Hematopoietic stem cell transplantation is a curative therapy for transferrin receptor 1 (TFRC) deficiency.

2020 
Abstract Background Iron uptake mediated by transferrin receptor 1 (TfR1), encoded by the TFRC gene, is essential for lymphocyte development and proliferation. Autosomal recessive mutations in the human TFRC gene cause a combined immunodeficiency characterized by defective T and B cell proliferation as well as impaired class-switching. Clinical presentations have been severe in all reported cases with symptoms including recurrent sinopulmonary infections, hypogammaglobulinemia, chronic diarrhea, and intermittent cytopenias. Objective To describe outcomes of allogeneic hematopoietic stem cell transplantation (HSCT) in patients with TFRC deficiency. Methods Retrospective chart review study of five patients with TFRC deficiency who underwent allogeneic HSCT between July 2011 and May 2018 at Boston Children's Hospital.
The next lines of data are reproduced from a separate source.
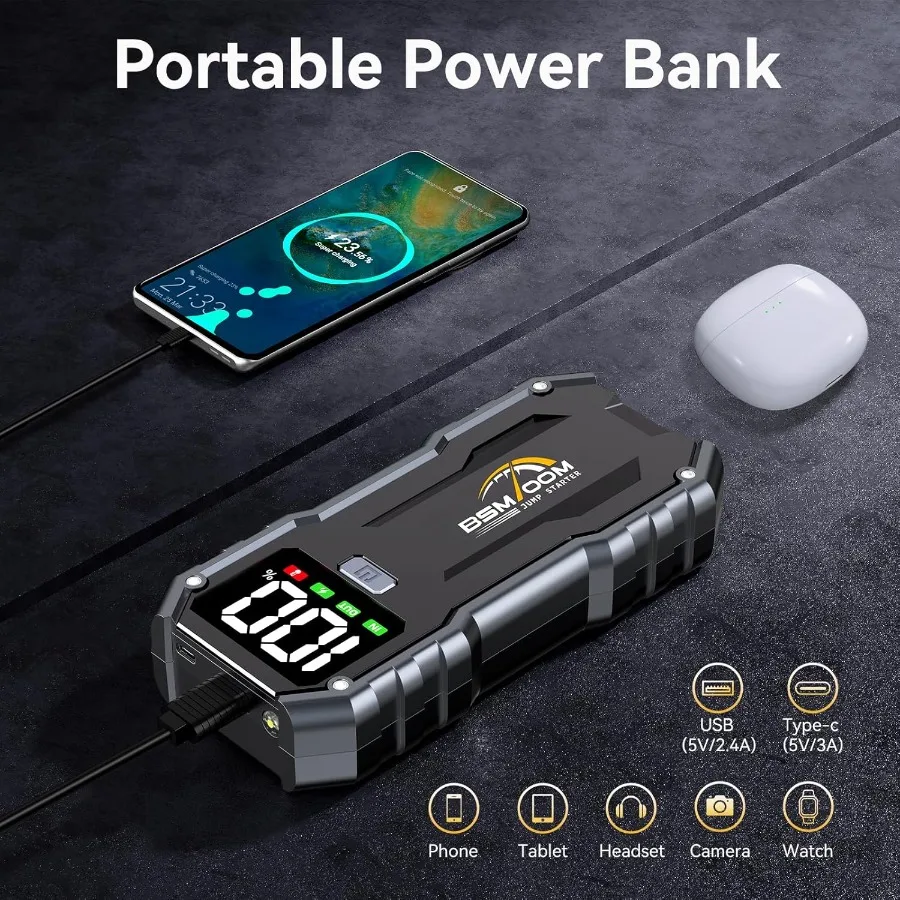 Avviatore di emergenza 7000A 26800mAh Batteria per avviamento di emergenza per auto con display a LED e luce LED integrata per tutti i gas e fino a 10,0 litri D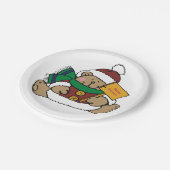 ハッピーホリデーズクリスマスベア ペーパープレート (アングル)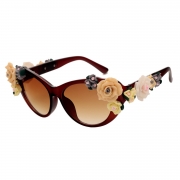 Women's Charming Plastic Baroque Style Flower Decoration Uv Sunglasses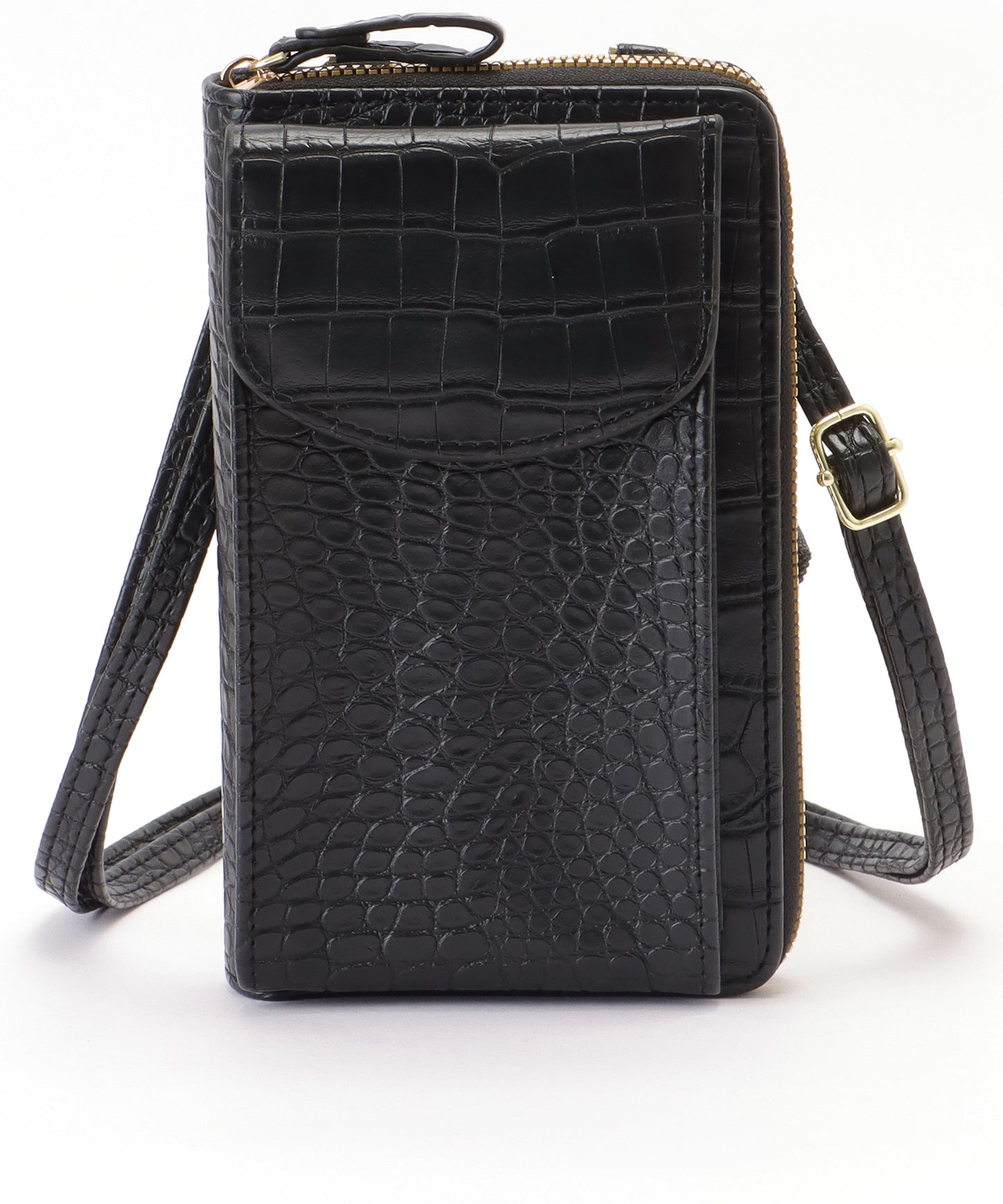 クロコダイル 型押し コンパクトショルダー ケース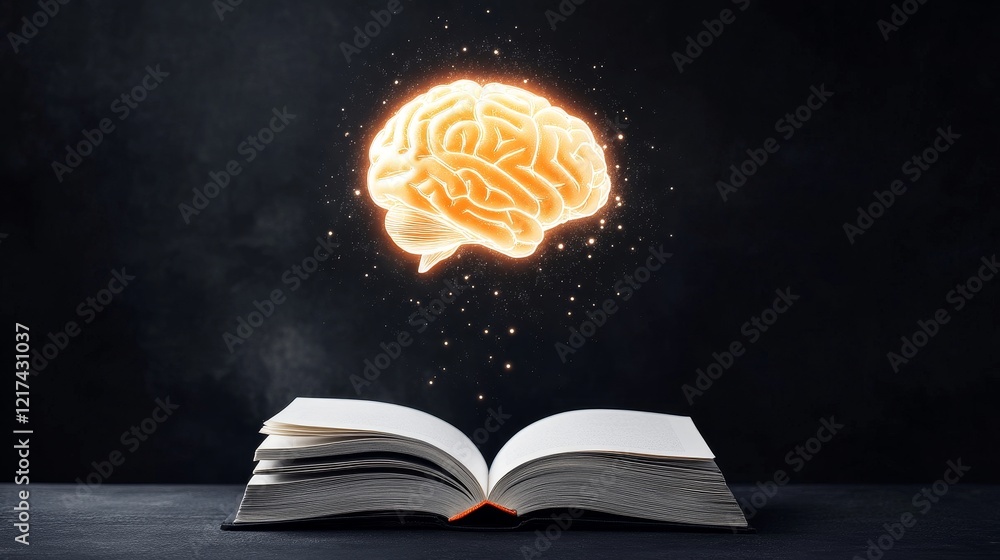 Aufkleber knowledge and the open book - glowing brain image above an open book, symbolizing learning, knowledg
Results Intermittent thrombocytopenia and neutropenia were a predominant feature of the clinical presentation in our cohort, and 3 patients who underwent bone marrow evaluation prior to HSCT were found to have signs of dysmyelopoiesis and dysplasia. One patient, who was transplanted at age 11 years, developed a clonal cytogenetic abnormality concerning for myelodysplastic syndrome. All 5 patients tolerated myeloablative conditioning regimens and had robust donor cell engraftment with resolution of cytopenias and independence from intravenous immunoglobulin substitution. All five patients were alive at a median follow up of 47.1 months post-transplant (range, 15.7-85.4) and none had developed acute or chronic graft-versus-host disease. Conclusions Allogeneic HSCT is curative for TFRC deficiency and rescues all known disease manifestations. Patients with TFRC deficiency may have a predisposition to malignant transformation of hematopoietic cells and may benefit from HSCT earlier in their disease course.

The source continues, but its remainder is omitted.